By Anna Weltner
Erin Hanson is in a very good mood. Perhaps that’s because the rock climber, explorer, and plein air artist spends a great deal of her time outdoors. Her exuberance shows through in her bold, bright, impulsive paintings of Utah’s rock formations, Arizona’s deserts, and, more recently, the smooth folds of Paso Robles’ hills. Photorealism isn’t Hanson’s style. Rather, her bursting, buoyant oil paintings seem to convey the spirit of a place, the energy and life and emotion that vibrates through it.
“I want people to love the desert like I love it,” she says.
Hanson’s paintings, which will be displayed at the Paso Robles Festival of the Arts outdoor show and sale, are not what immediately springs to mind when one thinks of plein air.
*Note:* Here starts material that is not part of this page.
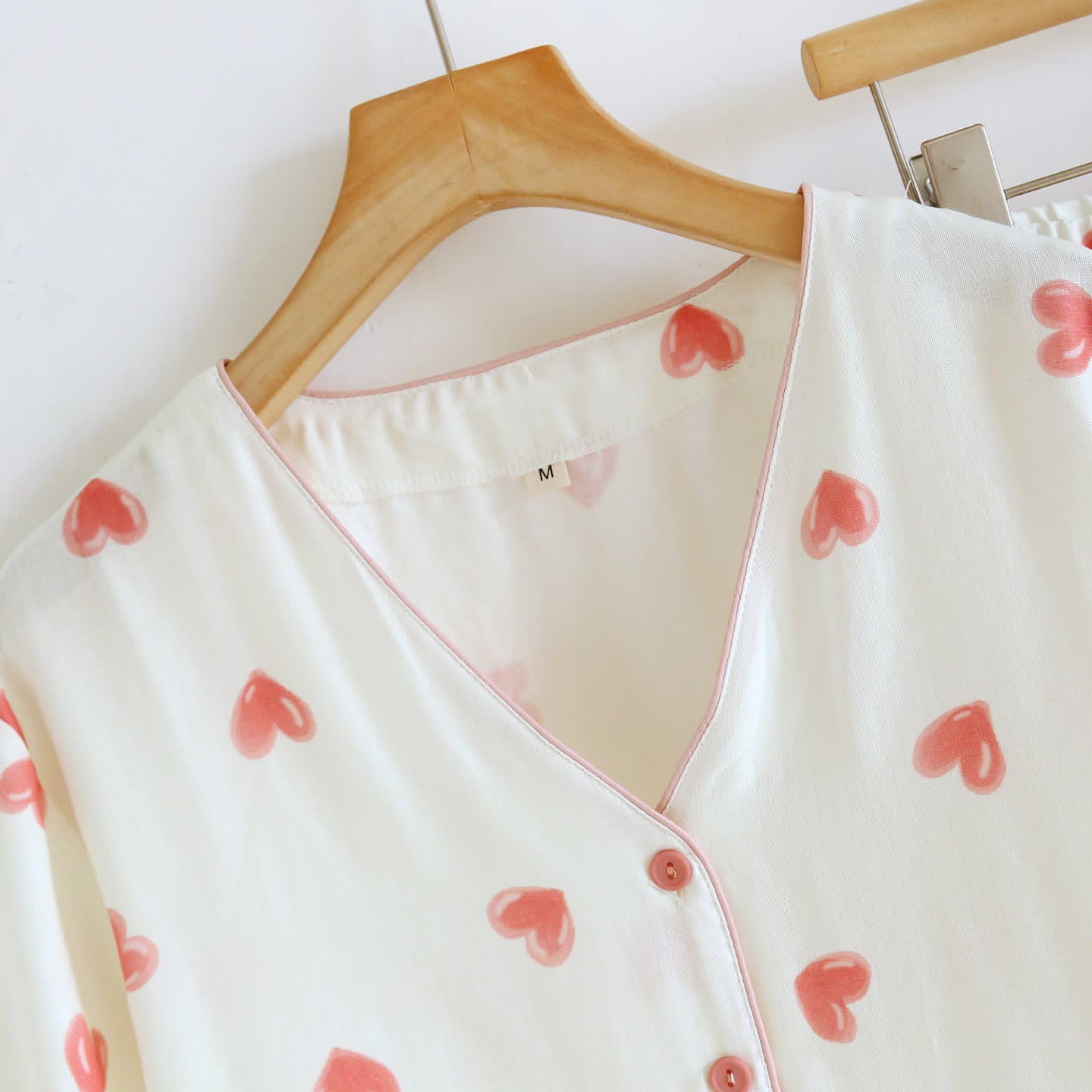 Ownkoti Heart Print Cotton Gauze Loungewear Set（3pcs） - image 1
Honestly, most plein air paintings remind me of hotels. Hers make me want to go play outside.
Hanson is just one of many artists who will bring their talents from near and far to the downtown Paso festival Memorial Day weekend. And while a great deal of work seems to concern itself chiefly with pastoral scenes, ocean views, and mountain vistas, there are odd and unexpected treasures to be found as well.
The weekend event kicks off on Friday, May 25, with an 11 a.m. talk by African-American quilt artist and scholar Dr. Denise Sheridan. In “Quilting a Culture and All That Jazz: A Legacy of African American Artistic Rhythms,” Sheridan will share the familial and cultural heritage woven into her fine art quilts.
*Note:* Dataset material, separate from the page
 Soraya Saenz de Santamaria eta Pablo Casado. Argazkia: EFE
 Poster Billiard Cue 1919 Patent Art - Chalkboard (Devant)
At 3 p.m. that afternoon, a free panel discussion featuring four heavy hitters in the artistic community—graphic designer Charmaine Martinez, painter David Settino Scott, choreographer Drew Silvaggio, and painter/illustrator Neal Breton—will explore the role of art and the artist in society. Moderated, incidentally, by New Times Managing Editor Ashley Schwellenbach, “Don’t Feed the Artists” will be a conversation between several sharp, funny, and opinionated minds.
But the main event goes down on Saturday, beginning with a Plein Air Quick-Draw from 9 to 11 a.m. Thirty California fine artists such as Ken Christensen, Elizabeth Tolley, Jeanette Wolff, Ray Roberts, and wife Peggi Kroll-Roberts, will have two hours to create a brand new work of art on location.
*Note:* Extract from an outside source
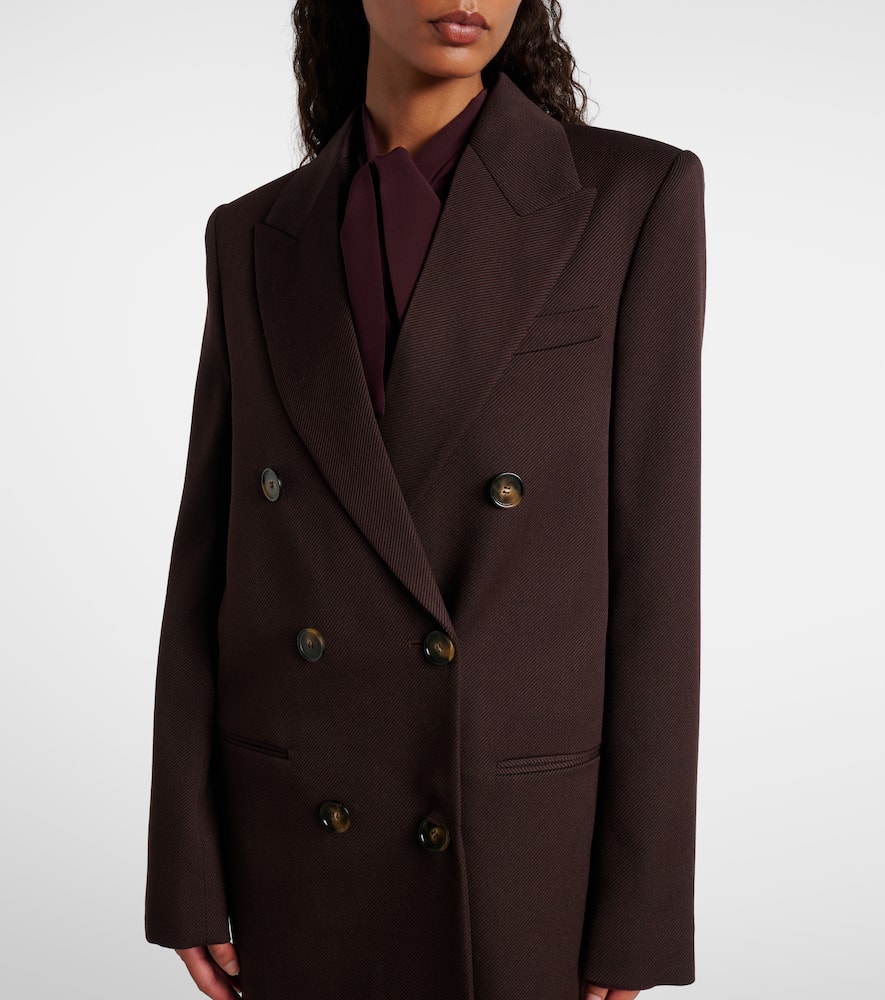 Stella Mccartney Double-breasted Twill Coat In Brown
Kroll-Roberts, who will also be teaching a sold-out figure painting workshop that weekend, began her career in fashion illustration, later moving on to figure painting and still life in watercolor and oils. And while the look of her paintings suggests carefree simplicity, bringing subjects to life in a few thick brushstrokes like Kroll-Roberts does is no easy task, as her students quickly discover.
Also on Saturday is a public mural project, performances by the Dragon Knights Stilts Walkers, a Plein Air Masters Panel Discussion, live music by the Mother Corn Shuckers, and performances and classes by the Suspended Motion Ribbon Acrobats. (Ride your bike to the event and enjoy free parking at the bike valet at the Horseshoe Pit.)
But the biggest deal is likely the outdoor fine art show, starting at 10 a.m. in the downtown city park. Textiles artist Sharon Gellerman, mixed media artist Lynn Kishiyama, painter Dotty Hawthorne, jeweler Debra Jurey, sculptor Dale Evers, and many others will display their work. At the A&R Furniture Building (at the corner of Pine and 12th Streets, skirting the park), check out the latest exhibit from The Phantom Project, an awesome endeavor that brings art shows to vacant spaces in SLO County.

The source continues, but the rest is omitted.